I respectfully dissent.


1. Indeed, the Ninth Circuit’s discussion of the nature of property under the Hobbs Act illustrates just how settled this issue was in the Courts of Appeals: “The concept of property under the Hobbs Act has not been limited to physical or tangible ‘things.’ The right to make business decisions and to solicit business free from wrongful coercion is a protected property right. See, e. g., United States v. Santoni, 585 F.2d 667 (4th Cir. 1978) (right to make business decisions free from outside pressure wrongfully imposed); United States v. Nadaline, 471 F.2d 340 (5th Cir.) (right to business accounts and unrealized profits) … . Cf. United States v. Hathaway, 534 F.2d 386, 395 (1st Cir.) (rejection of narrow perception of ‘property’); Battaglia v. United States, 383 F.2d 303 (9th Cir. 1967) (right to lease space in bowling alley free from threats)… . Chase’s right to solicit business free from threatened destruction and physical harm falls within the scope of protected property rights under the Hobbs Act. . . . . . “Evidence of the previously described acts of intimidation and violence suffices. Appellants’ objective was to induce Chase to give up a lucrative business. The fact that their threats were unsuccessful does not preclude conviction.” United States v. Zemek, 634 F.2d, at 1174 (some citations omitted). None of the cases following United States v. Tropiano, 418 F.2d 1069 (CA2 1969), even considered the novel suggestion that this method of obtaining control of intangible property amounted to nothing more than the nonfederal misdemeanor of “coercion,” see ante, at 9—10 (majority opinion); ante, at 1 (Ginsburg, J. concurring).

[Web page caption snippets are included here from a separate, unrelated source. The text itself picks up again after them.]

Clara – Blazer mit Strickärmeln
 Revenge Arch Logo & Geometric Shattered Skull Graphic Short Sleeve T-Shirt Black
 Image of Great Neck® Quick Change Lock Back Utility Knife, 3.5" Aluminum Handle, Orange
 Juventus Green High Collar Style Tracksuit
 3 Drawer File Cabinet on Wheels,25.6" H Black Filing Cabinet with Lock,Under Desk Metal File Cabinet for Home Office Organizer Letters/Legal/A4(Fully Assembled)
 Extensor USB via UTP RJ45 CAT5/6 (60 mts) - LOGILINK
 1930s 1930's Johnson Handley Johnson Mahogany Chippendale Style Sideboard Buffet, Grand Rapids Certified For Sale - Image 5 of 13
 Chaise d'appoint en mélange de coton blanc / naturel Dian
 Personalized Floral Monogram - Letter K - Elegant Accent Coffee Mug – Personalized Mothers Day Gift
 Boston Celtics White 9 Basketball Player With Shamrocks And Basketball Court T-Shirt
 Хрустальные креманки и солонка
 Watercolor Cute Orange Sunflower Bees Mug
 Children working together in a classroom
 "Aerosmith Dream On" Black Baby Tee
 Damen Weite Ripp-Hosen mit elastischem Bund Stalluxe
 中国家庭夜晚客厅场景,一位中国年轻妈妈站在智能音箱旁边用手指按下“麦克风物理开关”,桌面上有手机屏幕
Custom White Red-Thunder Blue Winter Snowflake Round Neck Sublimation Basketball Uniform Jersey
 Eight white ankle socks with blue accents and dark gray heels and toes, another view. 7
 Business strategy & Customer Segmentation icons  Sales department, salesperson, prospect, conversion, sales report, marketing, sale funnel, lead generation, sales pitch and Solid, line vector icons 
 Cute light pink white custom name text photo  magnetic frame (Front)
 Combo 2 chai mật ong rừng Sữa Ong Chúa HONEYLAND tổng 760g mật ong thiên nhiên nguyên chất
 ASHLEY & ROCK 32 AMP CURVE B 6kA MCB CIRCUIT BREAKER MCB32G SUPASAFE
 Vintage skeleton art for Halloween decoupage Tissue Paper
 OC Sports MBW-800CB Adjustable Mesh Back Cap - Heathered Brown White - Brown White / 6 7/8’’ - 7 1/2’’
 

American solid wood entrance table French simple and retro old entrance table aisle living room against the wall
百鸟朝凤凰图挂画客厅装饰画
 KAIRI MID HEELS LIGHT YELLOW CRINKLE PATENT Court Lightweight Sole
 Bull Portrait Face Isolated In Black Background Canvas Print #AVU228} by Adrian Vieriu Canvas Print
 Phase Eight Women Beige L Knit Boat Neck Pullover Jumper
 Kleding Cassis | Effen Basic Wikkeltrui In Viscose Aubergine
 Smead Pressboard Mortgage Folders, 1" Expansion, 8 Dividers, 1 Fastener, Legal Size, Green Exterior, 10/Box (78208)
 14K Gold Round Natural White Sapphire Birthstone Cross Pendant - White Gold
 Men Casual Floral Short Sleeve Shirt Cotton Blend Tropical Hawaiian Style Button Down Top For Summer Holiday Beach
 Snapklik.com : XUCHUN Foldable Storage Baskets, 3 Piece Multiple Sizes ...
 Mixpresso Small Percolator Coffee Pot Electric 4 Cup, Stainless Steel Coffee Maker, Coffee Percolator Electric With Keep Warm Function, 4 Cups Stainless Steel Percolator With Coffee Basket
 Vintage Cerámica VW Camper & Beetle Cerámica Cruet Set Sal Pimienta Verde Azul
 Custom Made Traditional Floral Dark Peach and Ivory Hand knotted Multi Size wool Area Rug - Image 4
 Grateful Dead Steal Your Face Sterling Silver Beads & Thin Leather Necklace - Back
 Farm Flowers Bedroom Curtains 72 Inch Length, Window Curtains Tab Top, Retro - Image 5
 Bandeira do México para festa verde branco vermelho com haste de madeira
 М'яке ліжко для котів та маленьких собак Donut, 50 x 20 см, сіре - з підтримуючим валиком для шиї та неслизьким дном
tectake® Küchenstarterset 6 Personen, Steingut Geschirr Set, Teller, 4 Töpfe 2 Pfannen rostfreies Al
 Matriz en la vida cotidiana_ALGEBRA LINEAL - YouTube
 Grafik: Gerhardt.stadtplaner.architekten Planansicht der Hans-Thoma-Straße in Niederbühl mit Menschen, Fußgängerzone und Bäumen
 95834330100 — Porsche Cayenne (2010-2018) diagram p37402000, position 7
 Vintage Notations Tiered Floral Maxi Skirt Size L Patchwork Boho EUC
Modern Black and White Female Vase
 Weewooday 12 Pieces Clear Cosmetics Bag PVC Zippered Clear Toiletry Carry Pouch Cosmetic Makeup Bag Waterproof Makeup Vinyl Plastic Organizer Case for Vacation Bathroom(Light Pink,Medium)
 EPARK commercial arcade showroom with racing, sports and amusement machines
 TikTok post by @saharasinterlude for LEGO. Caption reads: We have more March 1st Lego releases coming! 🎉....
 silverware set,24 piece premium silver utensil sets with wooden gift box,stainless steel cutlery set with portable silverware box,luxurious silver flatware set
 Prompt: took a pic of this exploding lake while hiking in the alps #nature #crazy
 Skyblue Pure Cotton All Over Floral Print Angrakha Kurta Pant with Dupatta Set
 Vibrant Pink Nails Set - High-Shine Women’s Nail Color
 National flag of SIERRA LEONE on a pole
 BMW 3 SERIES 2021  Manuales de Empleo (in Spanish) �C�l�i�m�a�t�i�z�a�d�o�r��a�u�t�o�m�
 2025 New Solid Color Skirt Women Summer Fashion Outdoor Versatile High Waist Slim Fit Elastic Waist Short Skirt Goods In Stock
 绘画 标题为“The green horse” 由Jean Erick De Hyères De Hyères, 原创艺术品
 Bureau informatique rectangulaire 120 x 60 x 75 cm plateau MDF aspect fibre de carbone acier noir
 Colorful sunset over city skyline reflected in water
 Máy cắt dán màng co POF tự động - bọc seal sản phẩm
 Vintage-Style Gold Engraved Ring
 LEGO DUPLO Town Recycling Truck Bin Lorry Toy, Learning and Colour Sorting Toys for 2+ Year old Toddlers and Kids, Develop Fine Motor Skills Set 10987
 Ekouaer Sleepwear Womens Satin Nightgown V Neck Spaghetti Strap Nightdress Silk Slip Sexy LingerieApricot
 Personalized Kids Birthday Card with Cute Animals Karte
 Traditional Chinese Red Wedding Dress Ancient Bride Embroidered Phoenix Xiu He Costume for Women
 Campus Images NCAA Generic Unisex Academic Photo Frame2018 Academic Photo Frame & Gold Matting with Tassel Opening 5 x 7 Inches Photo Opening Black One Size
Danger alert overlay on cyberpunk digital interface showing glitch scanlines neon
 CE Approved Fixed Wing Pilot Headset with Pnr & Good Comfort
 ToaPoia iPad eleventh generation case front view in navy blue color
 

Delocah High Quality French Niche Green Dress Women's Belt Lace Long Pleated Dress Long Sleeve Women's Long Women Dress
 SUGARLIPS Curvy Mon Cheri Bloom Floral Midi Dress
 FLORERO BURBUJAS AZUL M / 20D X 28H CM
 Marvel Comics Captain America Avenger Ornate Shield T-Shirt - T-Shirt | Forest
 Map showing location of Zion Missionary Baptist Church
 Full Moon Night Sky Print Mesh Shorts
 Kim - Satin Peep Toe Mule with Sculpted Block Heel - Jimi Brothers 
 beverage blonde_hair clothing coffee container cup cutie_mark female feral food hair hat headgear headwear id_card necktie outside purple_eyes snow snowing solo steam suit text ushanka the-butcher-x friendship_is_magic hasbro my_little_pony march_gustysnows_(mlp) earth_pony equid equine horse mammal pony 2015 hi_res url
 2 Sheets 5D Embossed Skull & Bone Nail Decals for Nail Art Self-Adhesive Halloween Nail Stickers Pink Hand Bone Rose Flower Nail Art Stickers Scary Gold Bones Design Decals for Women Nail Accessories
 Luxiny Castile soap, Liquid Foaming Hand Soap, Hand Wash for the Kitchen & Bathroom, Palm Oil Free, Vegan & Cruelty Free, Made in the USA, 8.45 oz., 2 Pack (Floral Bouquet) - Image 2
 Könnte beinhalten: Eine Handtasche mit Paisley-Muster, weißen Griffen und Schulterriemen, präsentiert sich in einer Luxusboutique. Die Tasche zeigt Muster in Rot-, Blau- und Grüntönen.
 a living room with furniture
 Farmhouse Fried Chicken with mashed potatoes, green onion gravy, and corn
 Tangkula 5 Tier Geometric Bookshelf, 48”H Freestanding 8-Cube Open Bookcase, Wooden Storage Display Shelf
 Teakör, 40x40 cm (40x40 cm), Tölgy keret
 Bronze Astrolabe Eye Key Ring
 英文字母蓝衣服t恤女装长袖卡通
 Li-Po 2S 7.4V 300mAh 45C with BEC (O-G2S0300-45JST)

2. Congress corrected the Court’s narrow reading of the mail fraud statute in McNally by passing 18 U.S.C. § 1346 which overruled McNally. See, e.g., United States v. Bortnovsky, 879 F.2d 30, 39 (CA2 1989) (“Section 1346 … overrules McNally”) Of course, Congress remains free to correct the Court’s error in these cases as well.

3. See Freedom of Access to Clinic Entrances Act of 1994, 108 Stat. 694.

4. The concern expressed by Justice Ginsburg, ante, at 1, is misguided because an affirmance in these cases would not expand the coverage of the Racketeer Influenced and Corrupt Organizations Act but would preserve the Federal Government’s ability to bring criminal prosecutions for violent conduct that was, until today, prohibited by the Hobbs Act.